As usual, our Statement of Practice provides the opportunity for individual reflection on making, and in this issue Phoebe Cummings describes her peripatetic approach to working with clay. Her career in ceramics started with a declaration of bankruptcy, just months after graduating from the Royal College of Art. Equipped with one leftover bag of clay, Cummings explored the potential of using and reusing this same quantity of clay in a series of temporary, recursive installations: each time she finished an exhibition, the unfired clay could be returned to a state of use, ready for the next project. Cummings’ eloquent descriptions of her projects, from work inspired by the hostile landscapes of Greenland, to her two installations in Stoke-on-Trent’s monumental Spode China Hall, reveal a sensitivity to clay’s material qualities and its effectiveness as a metaphor for fading memory, the precariousness of skilled labor in postindustrial society, and reinvention.
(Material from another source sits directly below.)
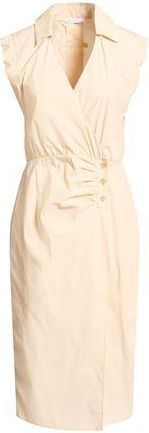Patrizia Pepe VESTITI - Vestiti midi su YOOX.COM
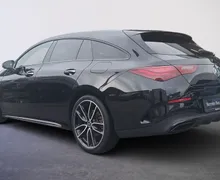 Zunanja slika - Mercedes-Benz CLA-Razred - CLA Shooting Brake CLA 200 d Shooting Brake AMG Line Avt. - 4 - Predogledna slika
Our final feature article—the Primary Text and Commentary—returns the spotlight to one of modern craft’s well-known pioneering individuals: the calligrapher, influential teacher, and one-time member of Ditchling’s Guild of St Joseph and St Dominic, Edward Johnston. Yet, we do not read Johnston’s words, but instead those of one of his students, Margaret Alexander, who had private lessons with the calligrapher from 1930 to 1933. Given the huge influence Johnston’s teaching had on subsequent generations of calligraphers, scribes, bookbinders, engravers, and other practitioners, and anticipating the 100-year anniversary of his world-famous London underground typeface and “Bull’s-eye” logo in 2016, it is fitting to read a student’s perspective. In his commentary, Ewan Clayton, a former resident of Ditchling himself, provides remarkable insights into Johnston’s influence, incorporating fragments of the calligrapher’sreflections on his craft, his teaching philosophy, and his preference for thinking in threes.